Так утомительно, скажу я тебе, сделалось быть с Андреасом и его друзьями с их правыми убеждениями и военной музыкой. Я все время сижу рот на замок. Ничего не говорю, когда они восторгаются этими головорезами в погонах, обратившими нашу демократию в пародию. Скажи я хоть слово против, я уверена, меня заклеймят как коммунистку-анархистку, и даже у Андреаса тогда не хватит влияния, чтобы спасти меня от застенков. Иногда мне кажется, что именно этого он и добивается — чтобы я заспорила. Ах, как же скучаю я по тебе, дорогая моя Оди.
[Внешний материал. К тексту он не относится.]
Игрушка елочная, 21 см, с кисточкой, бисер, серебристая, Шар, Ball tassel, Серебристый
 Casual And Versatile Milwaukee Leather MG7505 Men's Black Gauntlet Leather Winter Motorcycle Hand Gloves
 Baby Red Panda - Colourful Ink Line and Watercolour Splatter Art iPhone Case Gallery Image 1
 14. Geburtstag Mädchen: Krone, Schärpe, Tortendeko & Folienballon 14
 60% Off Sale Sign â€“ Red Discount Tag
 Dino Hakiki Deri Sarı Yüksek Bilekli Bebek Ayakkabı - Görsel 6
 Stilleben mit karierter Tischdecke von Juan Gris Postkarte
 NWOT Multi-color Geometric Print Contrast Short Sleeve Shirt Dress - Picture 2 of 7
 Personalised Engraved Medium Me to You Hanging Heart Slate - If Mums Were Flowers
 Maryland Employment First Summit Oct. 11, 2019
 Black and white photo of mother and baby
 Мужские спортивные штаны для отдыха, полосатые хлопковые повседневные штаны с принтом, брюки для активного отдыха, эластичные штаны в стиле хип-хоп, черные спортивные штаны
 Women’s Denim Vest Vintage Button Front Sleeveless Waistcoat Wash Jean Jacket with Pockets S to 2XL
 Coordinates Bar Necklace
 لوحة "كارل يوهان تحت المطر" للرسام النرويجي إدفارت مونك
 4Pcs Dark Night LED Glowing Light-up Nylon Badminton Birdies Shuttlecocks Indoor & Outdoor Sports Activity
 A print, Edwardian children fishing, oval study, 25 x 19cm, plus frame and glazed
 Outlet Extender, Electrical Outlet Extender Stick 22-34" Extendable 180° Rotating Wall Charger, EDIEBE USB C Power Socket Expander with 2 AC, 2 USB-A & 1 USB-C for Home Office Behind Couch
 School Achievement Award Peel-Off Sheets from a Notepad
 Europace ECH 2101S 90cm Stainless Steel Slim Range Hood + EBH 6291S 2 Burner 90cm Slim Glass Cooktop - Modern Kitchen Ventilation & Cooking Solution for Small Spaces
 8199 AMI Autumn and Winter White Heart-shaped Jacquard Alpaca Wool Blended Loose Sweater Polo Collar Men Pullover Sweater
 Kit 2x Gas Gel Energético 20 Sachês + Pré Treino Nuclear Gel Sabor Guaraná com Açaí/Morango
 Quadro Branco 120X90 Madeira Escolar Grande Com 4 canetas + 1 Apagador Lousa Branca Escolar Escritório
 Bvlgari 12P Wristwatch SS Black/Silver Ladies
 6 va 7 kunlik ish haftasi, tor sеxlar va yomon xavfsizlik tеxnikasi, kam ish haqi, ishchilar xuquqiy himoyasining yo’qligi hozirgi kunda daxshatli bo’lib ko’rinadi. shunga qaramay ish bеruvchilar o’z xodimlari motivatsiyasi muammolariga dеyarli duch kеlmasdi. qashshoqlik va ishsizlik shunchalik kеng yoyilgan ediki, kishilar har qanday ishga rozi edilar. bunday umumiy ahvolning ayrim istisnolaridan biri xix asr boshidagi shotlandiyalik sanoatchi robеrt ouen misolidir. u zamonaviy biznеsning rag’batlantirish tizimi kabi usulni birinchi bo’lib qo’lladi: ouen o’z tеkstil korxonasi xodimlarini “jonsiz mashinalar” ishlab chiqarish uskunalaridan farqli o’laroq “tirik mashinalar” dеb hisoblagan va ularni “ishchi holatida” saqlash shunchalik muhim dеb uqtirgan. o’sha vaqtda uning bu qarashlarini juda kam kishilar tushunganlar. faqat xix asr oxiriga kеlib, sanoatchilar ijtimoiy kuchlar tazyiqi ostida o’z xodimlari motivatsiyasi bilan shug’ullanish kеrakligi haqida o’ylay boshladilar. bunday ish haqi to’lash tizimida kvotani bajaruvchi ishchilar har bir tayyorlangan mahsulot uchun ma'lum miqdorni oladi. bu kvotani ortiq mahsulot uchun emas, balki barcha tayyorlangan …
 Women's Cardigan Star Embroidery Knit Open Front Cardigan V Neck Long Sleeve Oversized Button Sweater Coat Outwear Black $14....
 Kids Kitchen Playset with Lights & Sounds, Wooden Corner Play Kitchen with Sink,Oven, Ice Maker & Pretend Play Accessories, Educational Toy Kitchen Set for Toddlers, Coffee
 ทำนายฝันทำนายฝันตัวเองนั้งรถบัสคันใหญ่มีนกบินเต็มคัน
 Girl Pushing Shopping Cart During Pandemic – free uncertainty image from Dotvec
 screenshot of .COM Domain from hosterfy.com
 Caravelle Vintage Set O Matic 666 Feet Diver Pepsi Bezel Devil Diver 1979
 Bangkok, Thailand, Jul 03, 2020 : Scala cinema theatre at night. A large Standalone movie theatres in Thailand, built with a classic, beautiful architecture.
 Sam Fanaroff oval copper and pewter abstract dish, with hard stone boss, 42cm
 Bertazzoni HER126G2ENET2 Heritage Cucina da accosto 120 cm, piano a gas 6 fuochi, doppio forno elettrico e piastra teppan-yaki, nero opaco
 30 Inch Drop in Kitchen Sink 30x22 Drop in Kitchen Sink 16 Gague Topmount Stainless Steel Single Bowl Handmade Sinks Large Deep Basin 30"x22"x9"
Как скучаю по твоему обществу…
В день прибытия гостей мама́ проснулась спозаранку — прибраться. Мы жили в домике на склоне холма. Как многие дома на Тиносе, наш был из побеленного камня, крыша плоская, с красной черепицей ромбиками. В маленькой спальне наверху, где обитали мы с мама́, не было двери — узкая лестница вела прямо в комнату, зато было окно под коньком и небольшая терраса с кованой балюстрадой по пояс, с которой можно смотреть на крыши других домов, на оливы, коз, вьющиеся проулки и арки внизу и, конечно, на Эгейское море, синее и спокойное летним утром и белопенное после обеда, когда налетали с севера ветра мельтеми.